* **PROBLEM DETAILS**
Give back the full listing exactly, setting the pictures aside.
======== DATASET CONTENT
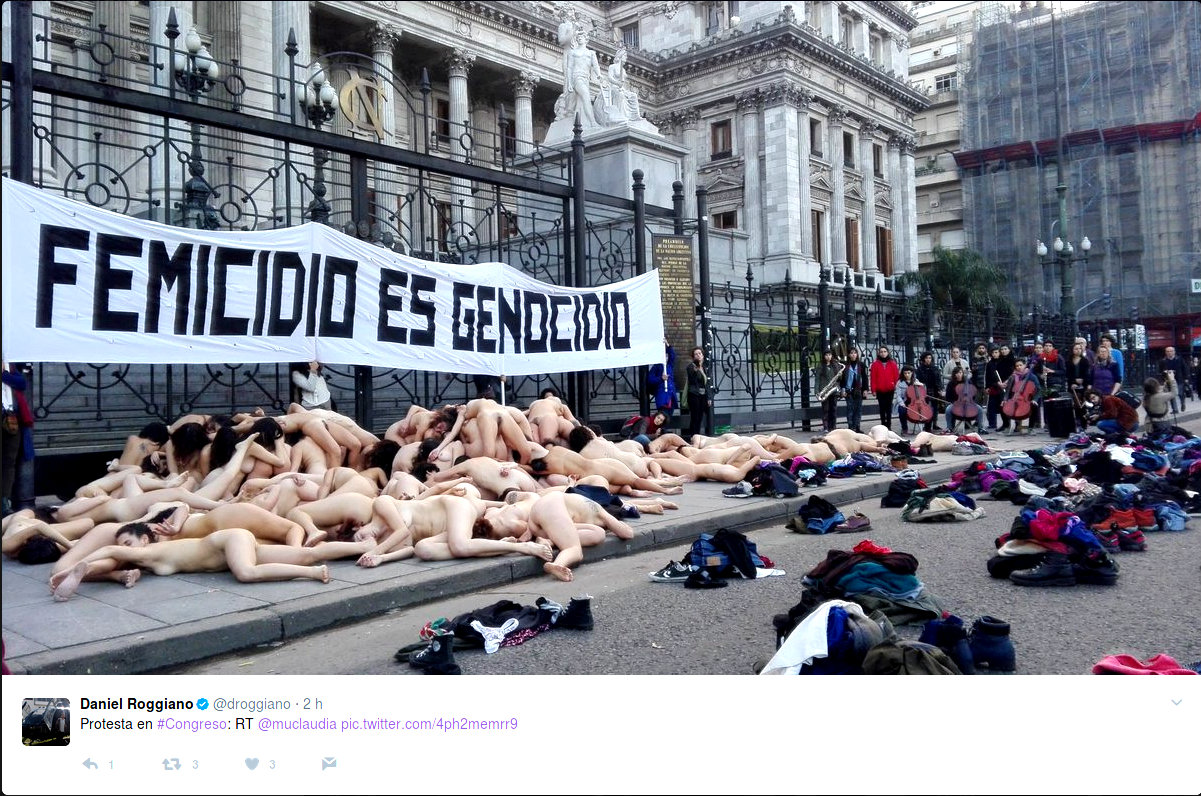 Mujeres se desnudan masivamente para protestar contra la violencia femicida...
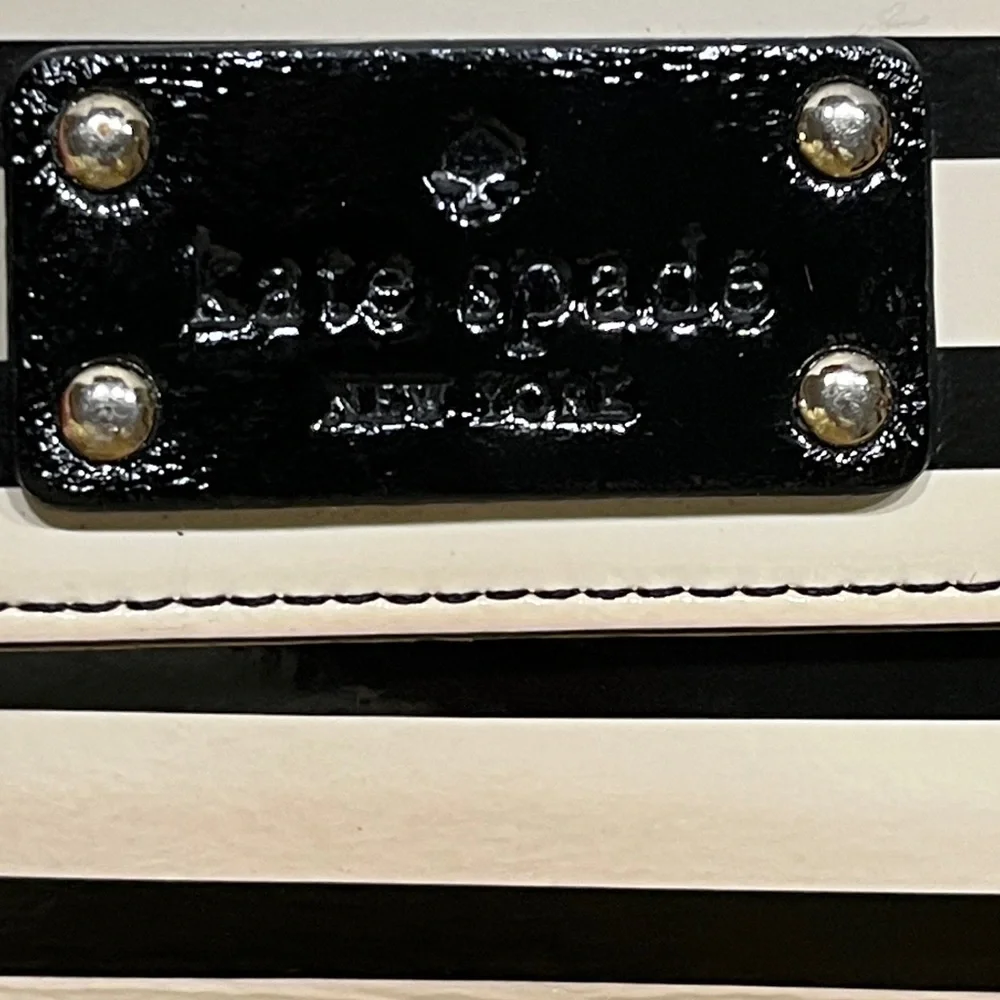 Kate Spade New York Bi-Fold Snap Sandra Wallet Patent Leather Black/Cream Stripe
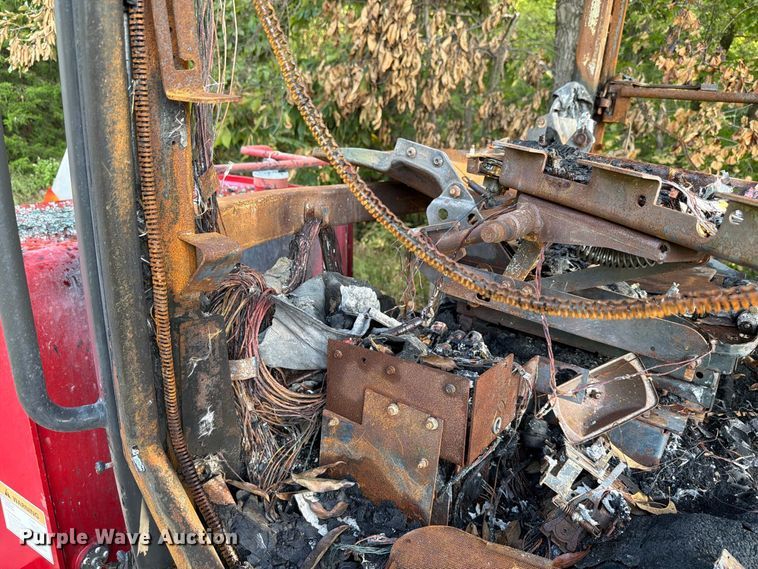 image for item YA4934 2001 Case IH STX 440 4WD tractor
================
* **SOLUTION TO THE EXERCISE**
 Mujeres se desnudan masivamente para protestar contra la violencia femicida...
 Kate Spade New York Bi-Fold Snap Sandra Wallet Patent Leather Black/Cream Stripe
 image for item YA4934 2001 Case IH STX 440 4WD tractor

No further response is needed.